Apr
04
2007

No More Beautiful World

(Add / View Comments) (0)Wednesday, April 4, 2007 - 02:24:33 pm
(Posted Under: Tempe Music Scene Tempe Music Scene, Tempe, Roger Clyne & The Peacemakers)
After several failed attempts to order No More Beautiful World through Peacetime Goods, I came across a torrent of the album. Which will certainly tide me over until I'm hooked up with a real copy of the CD. I'm kinda happy about it, given that when I first heard the e-card tracks at the start of February I decided I was definitely going to pre-order the album and get it right when it came out. At the end of the day, getting to hear it 2 weeks after it was released (March 2007) ain't too bad.

On listening to it however, the songs which I've come to not mind (Hello New Day, Noisy Head) which I hoped were to be the low points of the album. As it turns out, they're the highlights, more or less.

I love Maybe We Should Fall In Love, Andele is as expected great, Controband is pretty good. The rest of the album is varies in degrees of not that great. Listening to it, Katie and I thought that the start of the album had to be the not so great part, and the second is where it'd pick up. Misguided thought, as the start of the album is actually better than the second half.

Particularly nausiating is the reuse of "The good guys and the bad guys never work past noon around here" from Mexico and "Row, row, row your boat gently down the stream". Not to mention the beginning of Plenty. Umm, guys, Bury My Heart At The Trailer Park has already been done. Very sad and disappointing that it's apparently too hard to write new lyrics and riffs. The "cars break down and people break down..." line being used in both Fonder & Blonder and Down Together was cool - the reuse of Mexico in Wake Up Call is just sad!

When ignoring Wake Up Call, I can accept Lemons as the Mexician / mariachi song on the album, but already having heard Wake Up Call two songs earlier, it's hard not to cringe. Roger's mexican influence was always such a cool part of the Peacemakers and Refreshments, but on this album - god it really falls apart and sounds ridiculous.
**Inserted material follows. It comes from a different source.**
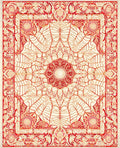 Red Abstract Floral Mandala Design Rug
Certainly what I also noticed was the end of the era - up until now, all the records have the uncanny pattern of a pinnicle rock song, and a / the ballad which is arguably the best track on the album:

Honky Tonk Union: Beautiful Disaster / Green & Dumb
Sonoroan Hope & Madness: Colorblind Blues / Bufallo
Americano!: Americano! / Your Name On A Grain Of Rice

No More Beautiful World continues the trend with the pinnical rock track in Andele, but the ballad the is the best song on the record is completely absent.
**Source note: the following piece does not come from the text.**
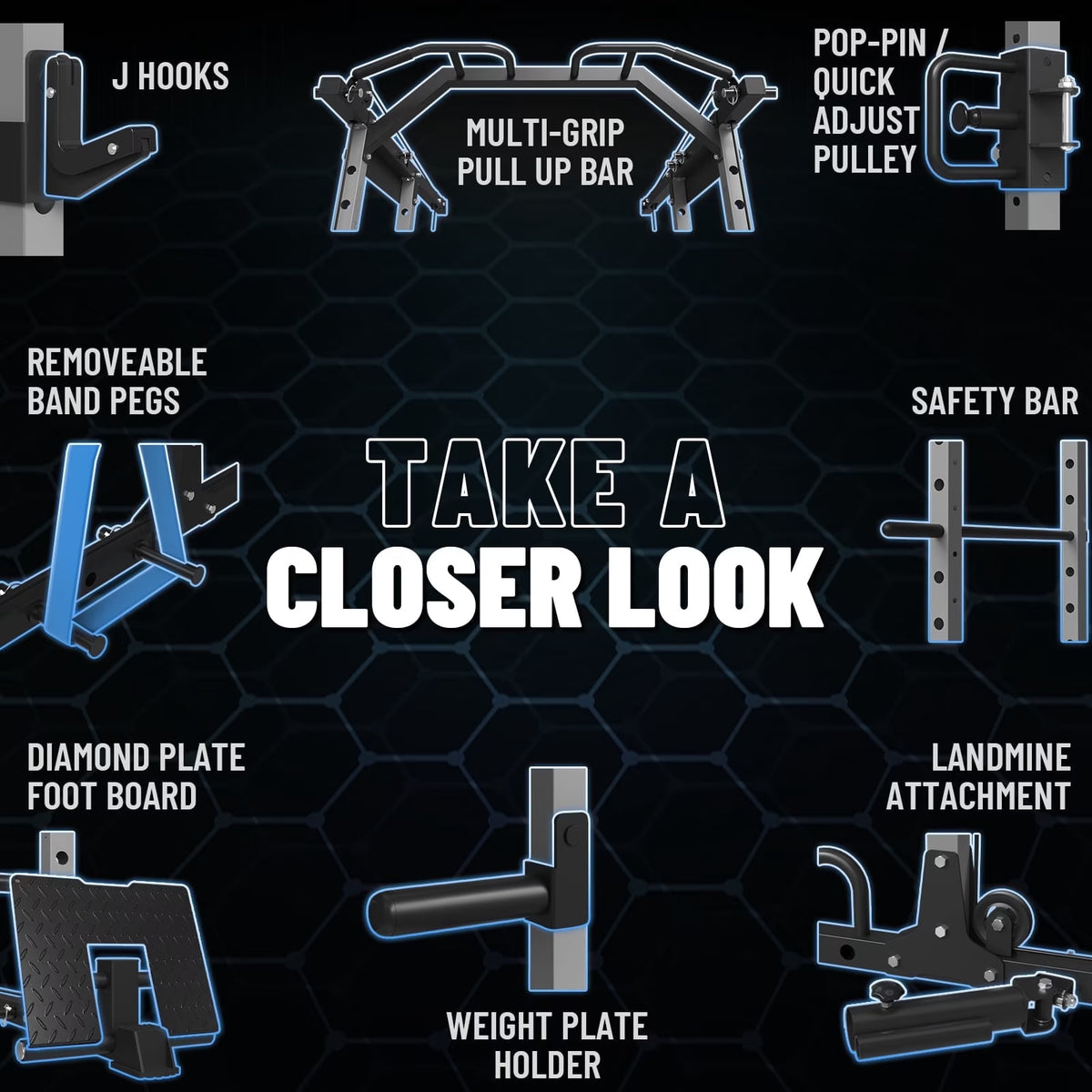 Power Rack Cage, Weight Cage with 800LB Capacity Adjustable Weight Bench, 1500LB Capacity Barbell and 340LB Weight Plate Set Combo Home Gym Package(B340)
If this album had come out around the time that Live At Billy Bob's, it would be easier to just say that finally Roger's made a not so great album, which given the run since Fizzy Fuzzy Big and Buzzy in 1996 was bound to happen at some point. However, it's really hard to take that we've waited over 3 years for a studio album, and it's this dismall. For the most part, with the exception of a few good songs, it feels to me as a "it's time to make a new album, we have 3 new songs, let's write 11 more this week and record them".

I could go on to no end with negativity, which is kinda pointless, and maybe the album will grow on me, it's happened before, but certainly the first listen was quite cringe worthy. Especially since around this time last year I questioned new songs (Captain Surburbia, Mexicosis) and the future of the band, and then got over that in the second part of the year, and had actually been anticipating the album, and even more after hearing Hello New Day, Maybe We Should Fall In Love and Contraband at the start of February, only to be left feeling like I did this time last year.